Background information
- Born: 2 October 1962 (age 63) Norway
- Occupations: Drummer; singer;
- Instrument: Drums
- Years active: 1975–present
- Formerly of: The Sugarcubes; Þeyr; Kukl; Reptile Palace Orchestra;

= Sigtryggur Baldursson =

Icelandic musician

Sigtryggur Baldursson (born 2 October 1962) is an Icelandic drummer and singer.

Sigtryggur was born in Norway to Icelandic parents. He was a founding member of the Sugarcubes and has been a longtime fixture on the Icelandic punk and alternative music scene. Other bands he has played in have included Þeyr, Kukl, Emiliana Torrini, Ben Frost, Kippi Kaninus, SJS BIGBAND, Headpump, Bradley Fish and the Reptile Palace Orchestra. He has played on numerous recording with many artists, Howie B, and Les Negresses Vertes to name a few. He also has recorded under the name of Bogomil Font, his own crooner alter ego.

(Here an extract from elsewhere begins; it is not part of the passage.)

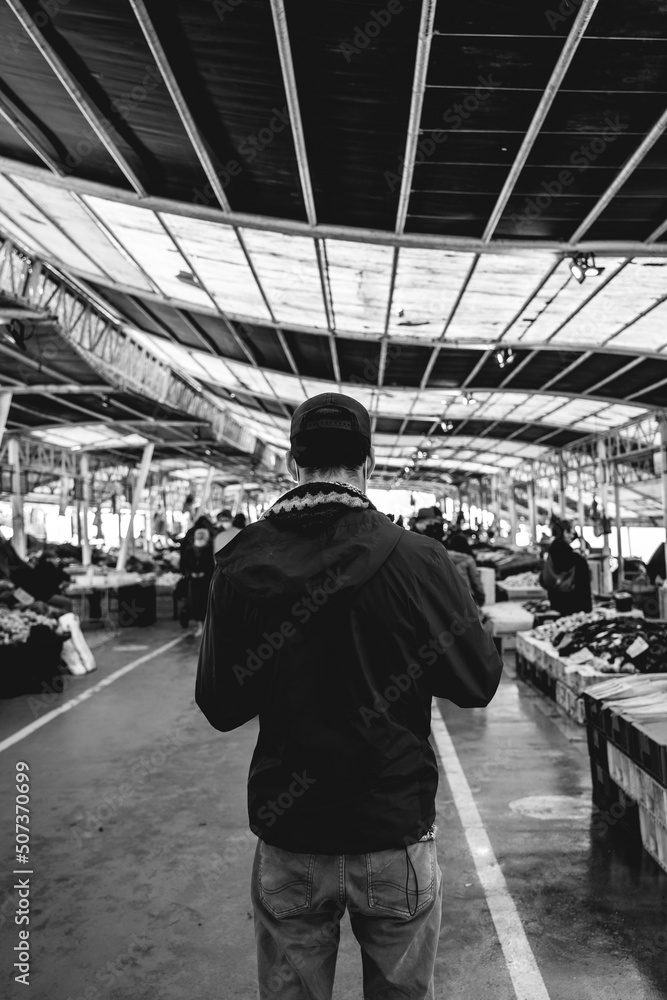 Young guy with jacket and cap from behind in the public 'Mercado Fluvial' (river market), Valdivia, Chile (in black and white) Young guy with jacket and cap from behind in the public 'Mercado Fluvial' (river market), Valdivia, Chile (in black and white)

Sigtryggur made a record with the late Jóhann Jóhannsson in 1999, the project was called Dip and the record was "Hi- camp meets lo - fi.

He made two records under the name of Steintryggur with Steingrímur Guðmundsson. The two also had a percussion group called Parabolur from 2005, along with longtime collaborator Guðmundur Vignir Karlsson of Kippi Kaninus.

Sigtryggur also has a number of filmography-related accomplishments to his credit, including soundtracks for Rokland (Stormland) 2011, One Point O (2004) and Takedown (2000), acting as the Drummer in Monkey Drummer (2000) by English director Chris Cunningham, and working as a sound recordist for an episode of the documentary television series Naked Science. He has also produced "Hljómskálinn", a TV series on Icelandic music for RUV, the Icelandic national television station.

He has written music for theater productions in Iceland, namely Enron (2010) and Chekov's The Cherry Orchard (2011) in the Reykjavik City Theatre.

From 2012 he has been the managing director for ÚTÓN / Iceland Music (formerly Iceland Music Export (IMX))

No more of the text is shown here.